Quand le calculateur numérique est … analogique, il simule !

Mais ce qu’il est également très important de noter ici, c’est qu’Ulam emploie dans ce même contexte le terme d’« expérimentation » 552 . Or, ce qui fait selon lui le caractère empirique du modèle sur calculateur, c’est que les formalismes qu’il combine sont de nature statistique. Ulam ne veut pourtant pas dire ici que c'est parce qu’elle réserve des surprises à l’utilisateur que la nature statistique de cette modélisation la rend quasiment identique à une expérimentation. Son argument n’est pas d’ordre phénoménologique ni pragmatiste ou subjectiviste sur ce point précis. Il va en fait plus loin que cela.
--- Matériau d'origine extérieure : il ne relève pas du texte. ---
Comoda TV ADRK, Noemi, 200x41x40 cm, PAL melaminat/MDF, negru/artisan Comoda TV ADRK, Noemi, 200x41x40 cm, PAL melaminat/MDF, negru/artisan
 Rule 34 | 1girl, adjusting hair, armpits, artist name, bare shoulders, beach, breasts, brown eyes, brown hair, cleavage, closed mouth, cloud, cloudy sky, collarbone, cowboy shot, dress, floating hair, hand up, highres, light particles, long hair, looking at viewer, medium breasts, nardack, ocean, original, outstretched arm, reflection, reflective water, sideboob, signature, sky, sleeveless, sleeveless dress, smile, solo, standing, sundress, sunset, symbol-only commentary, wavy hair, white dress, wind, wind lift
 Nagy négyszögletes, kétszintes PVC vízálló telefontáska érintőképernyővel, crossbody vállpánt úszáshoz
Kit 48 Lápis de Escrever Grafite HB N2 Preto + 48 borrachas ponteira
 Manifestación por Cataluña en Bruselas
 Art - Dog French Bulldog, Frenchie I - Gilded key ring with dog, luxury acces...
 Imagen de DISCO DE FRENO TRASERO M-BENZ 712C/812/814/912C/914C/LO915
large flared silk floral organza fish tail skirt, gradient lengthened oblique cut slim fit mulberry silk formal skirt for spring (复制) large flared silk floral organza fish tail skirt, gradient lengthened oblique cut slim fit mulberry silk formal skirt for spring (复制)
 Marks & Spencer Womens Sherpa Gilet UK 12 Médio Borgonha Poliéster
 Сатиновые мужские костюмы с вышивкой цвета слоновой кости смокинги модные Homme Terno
Ainsi il écrit :

‘« Il est bien sûr évident que l’on peut étudier ‘expérimentalement’ le comportement des solutions d’équations qui elles-mêmes décrivent un processus aléatoire, en utilisant le calculateur digital comme une machine à analogie [« analogy machine »] comme cela a déjà été le cas [suit une référence à un travail antérieur de Ulam et Metropolis]. » 553

Là aussi, on trouve donc une manière de transitivité dans l’argumentation. Mais celle-ci nous permet de légitimer non plus l’interprétation des formalismes mathématiques par d’autres formalismes approchants, mais l’évolution du statut de la machine elle-même vis-à-vis du traitement des mathématiques en physique. La machine passe ainsi du rôle de calculateur approché à celui de réservoir de particules « fictives » 554 et simulées. Dans ce contexte, le calculateur numérique mérite désormais le nom de simulateur, comme les calculateurs analogiques auparavant, parce qu’avec la position stochasticiste 555 et granulaire qui caractérise l’approche de Ulam, on peut voir une réelle analogie entre ce que font les particules réelles et ce que fait le calculateur. Par l’effet d’un paradoxe assez curieux mais finalement compréhensible du fait même de ces déplacements progressifs dans le statut accordé aux formalismes, on peut dire que c’est parce que le calculateur numérique est en même temps analogique (de par cette vision granulaire et stochastique) qu’il devient un simulateur, au même titre que les calculateurs analogiques du début du siècle, et qu’il permet donc des expérimentations.

Notes
552.

[Ulam, S., 1949], p. 208.

553.

“It is of course obvious that one can study ‘experimentally’ the behavior of solutions of equations which themselves describe a random process, by using the digital computer as an analogy machine, as it were [N. Metropolis and S. Ulam, ‘The Monte-Carlo method’, J. Am. Statist. Assoc., 44, 335-341, ]”, [Ulam, S., 1949], p. 208.

554.

[Ulam, S., 1949], p. 209.

555.

L’historien des sciences P. Galison appelle « stochasticisme » cette option épistémologique et ontologique qui veut que le monde soit discret et « régi » par des événements stochastiques élémentaires. Von Neuman, Ulam et surtout le chimiste Gilbert King ont été séduit par cette interprétation de la méthode de Monte-Carlo. Voir [Galison, P., 1996], pp. 125 et 144. En fait, nous dirions qu’Ulam est moins convaincu par l’importance du caractère aléatoire des éléments que par celle de leur répartition spatiale et granulaire.